This can was visibly bulging at top and bottom, which gave me a moment’s pause*. But it’s freeze dried, right? I mean, it might deteriorate but it’s hard to imagine fermentation. Plus, “Packed in Nitrogen Atmosphere,” by which they apparently mean pressurized nitrogen because when I applied the can opener the can hissed and relaxed but emitted no foul odors.
In fact it emitted a rather pleasant odor. Smelled like dried veggies.
Unlike the freeze dried spaghetti, this material had substantially compacted. I needed to break it up to keep it from filling the bowl in chunks. Once again the “recipe” is one cup boiling water to 1.5 cup dried material and wait ten minutes.
I must say that they don’t short you on stew ingredients. Potatoes, peas, cooked beef, carrots, corn, they’re all here and all mummified.
And once rehydrated, all as visually unappetizing as you’d care to imagine. They used corn starch for thickener and a lot of it, and I can only imagine that it hasn’t aged as gracefully as some of the other ingredients because I frankly hesitated to raise that fork to my mouth.

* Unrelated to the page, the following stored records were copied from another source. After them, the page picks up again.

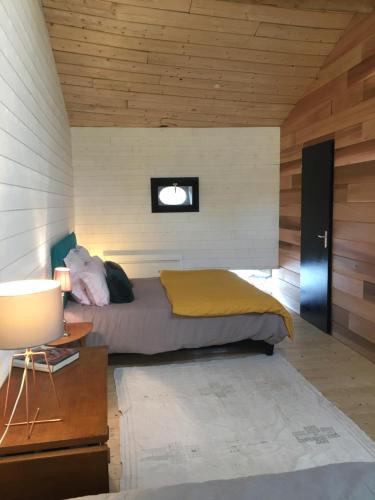 a bedroom with a bed and a small window at le 25bis in Saint-Martory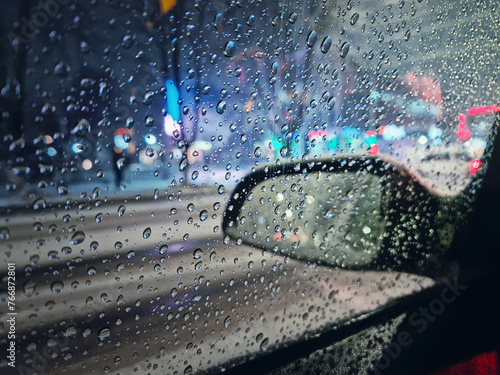 Canvastavla Melted snow and sleet drops on the car window with view to the side mirror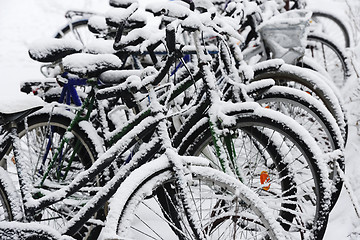 Image showing bikes covered with a blanket of snow, winter in Finland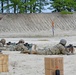 Military personnel are conducting a rifle qualification or marksmanship training exercise on a sandy firing range. Several soldiers are in the prone position aiming rifles downrange while a range safety officer or instructor wearing a high-visibility orange vest observes and records data on a tablet or clipboard. The setting appears to be a standard military live-fire range with a sand berm backstop.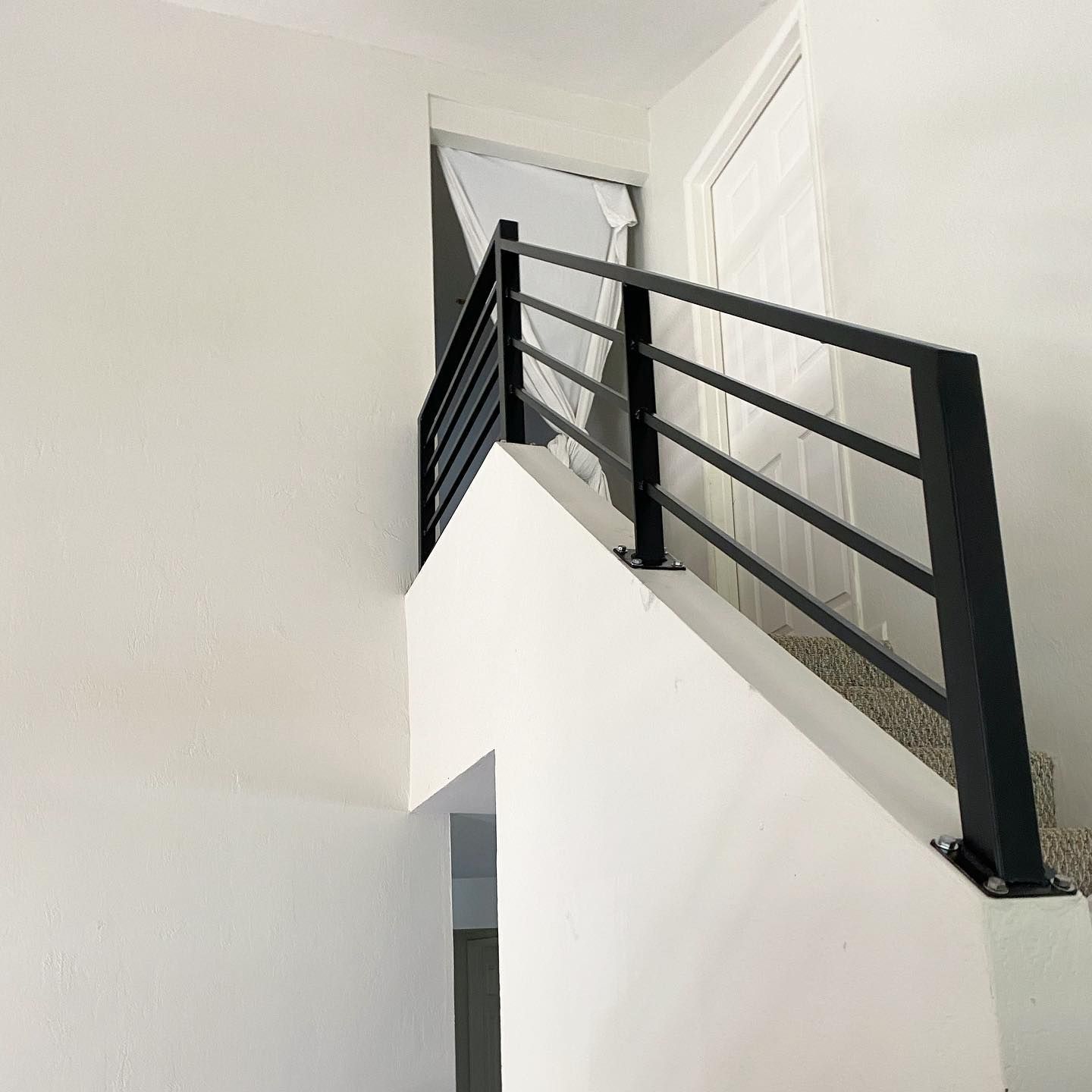 A staircase with a black railing and white walls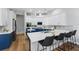 Well-appointed kitchen with island seating, stylish backsplash, modern stainless appliances, and a breakfast nook at 11508 Delwick Dr, Windermere, FL 34786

Smelled all right, though, so I tried a small taste – then a bigger taste, then I scraped the bowl clean. It’s really fairly good even undoctored. The ingredients that are supposed to taste like anything have retained their taste nicely. There’s none of that underlying tang that says “proceed with caution if at all.” And again my stomach accepted the offering quite cheerfully and without revolt.
I don’t know if this forty-year-old Mountain House stew is identical to its brand-new self – I kind of hope not, because visually it’s revolting – but for eating if not for gazing upon it’s perfectly fit.
*Big Brother emailed to say the can was definitely not bulging at his home, which is at substantially lower altitude than the Secret Lair.